Often the practicality of a lens is more important than the image quality because if a lens is practical and functional, you are more likely to use it. This is a review of the Canon version of the "nifty fifty," the EF 50mm f1.8 II - this lens has since been replaced by the EF 50mm f1.8 STM. Based on my experience with the 40mm STM lens, I suspect the newer 50mm STM produces sharper images and has slightly quieter autofocus.

The EF 50mm f1.8 II is practical due to: as cheap as a kit zoom lens but with way better image quality, and a much better maximum aperture. The downsides: the f1.8 II has a cheap looking exterior with a small manual focus ring right on the front, so it wasn't the most enjoyable lens to manually focus; it is not sharp from f 1.8 to f 2.8; it is not weather sealed; and, it does not have image stabilization (IS). I consider a fully functional lens to have weather sealing, autofocus (AF), and IS: this lens has one out of the three. If you don't shoot in the rain or show, or at the base of waterfalls, then weather sealing is probably not relevant to you - but the other two requirements are relevant to most people. This lens is really small and light, which makes it easy to carry around in the camera bag, and easy to take on vacations, etc. The downside to the small size is the tiny manual focus ring and NO DISTANCE INFORMATION WINDOW. What? That's right, no window. People who only use autofocus probably never look at the window anyway. As far as value for money, this lens cannot be beat! (Except maybe by the newer EF 50mm f1.8 STM.) This lens is so cheap that if you were using one and broke it, it's no big loss as it's easy to replace.

Filter: should you use a filter on this lens, considering the how cheap the lens is? Some people don't because the cost of a filter is equal to a significant chunk of the cost of the lens. I still would put a filter on it, just so that I could easily wipe condensation off the front when shooting in humid conditions.


Image quality

Image quality is great once stopped down to f3.2. At f1.8 it's very soft.
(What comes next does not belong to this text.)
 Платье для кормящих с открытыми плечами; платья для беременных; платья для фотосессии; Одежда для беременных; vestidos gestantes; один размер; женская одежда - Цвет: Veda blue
Corner softness and vignetting at there at most apertures. 


This is a great lens for the price and either this or the newer EF 50mm f1.8 STM is recommended as a first lens for most people with a Canon DSLR. There are people who shoot this lens for many years, and I know someone who has shot ONLY this lens for some years now and has got excellent results. In the hands of a master, this is a great lens. The point is, great results can come from this lens, particularly with casual portraiture and shots of the kids over the years. In fact, it could be argued that 50mm is the perfect focal length for shots of toddlers and young kids since they are always moving quickly and hard to keep in the shot with an 85mm lens when working in the small working distances of a house - especially the older houses that are not open-planned. 

If only they would build IS into these f1.8 lenses, and truly silent AF, then they could be really amazing for video... but if they had IS, it would definitely increase the price. On that note, Tamron has a 45mm lens with image stabilization and it is more expensive.